MBTA To Tune-Up T Access

Unnamed photo
Evan H. Jacobs

A new elevator for the Harvard Square T Station is a part of a $310 million settlement reached by the MBTA and Greater Boston Legal Services, which represented a group of plaintiffs seeking better access to public transportation.


The Massachusetts Bay Transportation Authority agreed to spend $310 million over the next five years improving public transportation access at sites including the Harvard Square T stop, according to a settlement announced Monday.

Changes to the local T stop include the addition of a new elevator and the replacement of the current elevator, Greater Boston Legal Services Senior Attorney Taramattie Doucette said.

The settlement, filed in 2002 by GBLS, represented 10 plaintiffs with various disabilities. The plaintiffs cited personal experiences as proof that there was an imminent need for improvement in public transportation.

Plaintiff Joan Golden of Medford, Mass., who uses a wheelchair, said she sustained a serious injury when a lift she was on came out from under her. Despite the experience, “I never realized how serious and deplorable the situation was until I became a plaintiff and I learned more,” she said.

Under the agreement, the MBTA will also replace unreliable wheelchair lifts, train MBTA employees to aid the disabled with feedback from handicapped riders themselves, and create the position of assistant general manager for accessibility. The settlement also stipulates that the MBTA cover all or a portion of the plaintiffs’ legal fees, which remain undisclosed, The Boston Globe reported earlier this week.

According to Doucette, the plaintiffs will not be receiving any compensatory damages from the suit.

Doucette said she was happy with the outcome. “I am very pleased with the settlement because I believe that this agreement will accomplish the goals of our clients,” she said yesterday. “All they wanted and deserved was safe, reliable, and accessible public transportation services.”

Joseph A. Ford ’06, a Currier House resident with cerebral palsy, agreed that changes to the local T stop were necessary.

Ford described a particularly difficult T stop experience.

After a malfunctioning elevator in the Harvard Square T stop actually broke down, Ford said he was left stranded in the station while he waited for a repairman.

“I think it looks like a good settlement, but it’s too bad that they didn’t take these actions before they were sued,” Ford said.

MBTA Chief of Staff Rob DiAdamo said the MBTA was also satisfied. “We worked closely with the plaintiffs to develop a solution that we think will improve access for the plaintiffs in the disabled community, but we also believe that the improvements are going to benefit all our customers.”

He acknowledged that “if you could rewind, it would have been better to deal with these new things without dealing with protracted litigation.”

The addition of a new elevator to Harvard Square is crucial, said DiAdamo, because “the elevator that we have today probably isn’t sufficient to meet the demand.”

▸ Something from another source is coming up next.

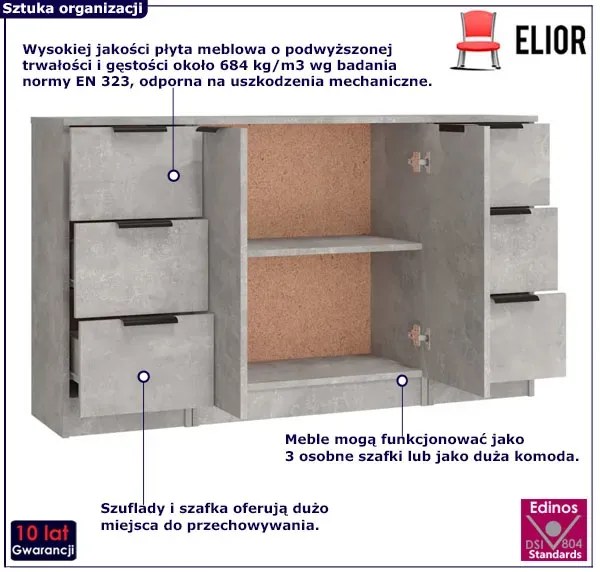 Loftowa komoda z szufladami i półką w kolorze beton - Neris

DiAdamo said that improvements to the Harvard Square T stop were a priority to the plaintiffs.

Getting the case together was a long and arduous task, according to Doucette.

Aside from reviewing 14 million maintenance records and 6,000 pages of MBTA documents, she and her firm hired “experts to do an undercover review of bus services” and “had the film crew document just randomly these people trying to board the green line and we were able to show how poor that service was,” Doucette said.

Golden said that her role as a plaintiff had been a positive one.

“If being part of this is going to make things better for everyone, I’m happy to have just been there,” Golden said.